Rock Lit is where Hive discusses the intersection of literature and music.

Wesley Stace is both an acclaimed novelist and a recording artist and performer -- and he tends to each skill with matched consideration. As a folk musician Stace released his first album album, It Happened One Night/It Never Happened At All, under the John Wesley Harding moniker in 1988. Since then Stace has offered up 12 additional records, each showcasing his catchy, folk-driven singer-songwriter fare. The latest, The Sound Of His Own Voice, came out in early October, a buoyant pop-folk album that is resoundingly optimistic, both in instrumentation and lyrical content. Although some tracks are clearly autobiographical (see opener "Sing Your Own Song") there is distinct narrative quality where characters are created and followed. And that makes sense: Between his album, Stace has written three novels: 2005’s Dickensian comedy Misfortune, 2007’s familial drama By George and this year's 1920s tale of a composer titled Charles Jessold, Considered as a Murderer, which he released last February. Hive talked with Stace, who also teaches at Fairleigh Dickinson University in New Jersey, about his dueling relationships with writing music and writing novels, and how literature has actually allowed his music to become more personal.

When you were growing up did you lean toward music or writing first?

Music, 100 percent. I did English Literature at university, which I realize is a long time ago. Somehow my music career fell together at that time and that was what I followed. But in the back of my mind I wanted to write novels.

When you first began writing songs did they feel literary at all?
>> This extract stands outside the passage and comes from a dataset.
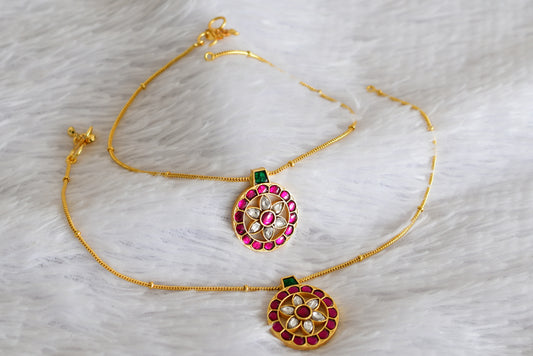 Gold tone pink-green-white round flower kundan jadau anklets dj-52395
They absolutely did. I was very much of the mindset then where I liked Bob Dylan and I liked John Prine and I liked Randy Newman and I wanted to make my songs as literary as possible. Twenty-something years later I find myself in the complete opposite position. For years I dedicated my artistic output to making music as literary as possible whereas what I probably should have done -- I now find out -- was making literature as musical as possible. And that’s what I’ve been trying to do with my books, I think. I’ve written three novels in ten years and doing that has very much freed me up, bizarrely enough, to make my songs more personal and less literary.

Is there an overlap?

I feel definitively that there is now an overlap … My [upcoming] fourth novel is about a rock band. I didn’t choose that, because you can’t really choose these topics, but that was the germ of an idea that came to me. And that’s the [idea] I’m seeing through. Life is all about seeing things, through rather than just having nice ideas about stuff. The book is set in the present time, in the ‘70s, ‘80s and ‘90s, and it’s about a band. That’s very much my world, so there is an overlap. And I now have a selection of songs that, because of what the novel’s about, are headed in a certain direction.

When will you be finished?

The beginning of next year, but the novel business is much slower than the music business so it won’t come out for another year after that that.

Is there any sort of narrative thread on your new album?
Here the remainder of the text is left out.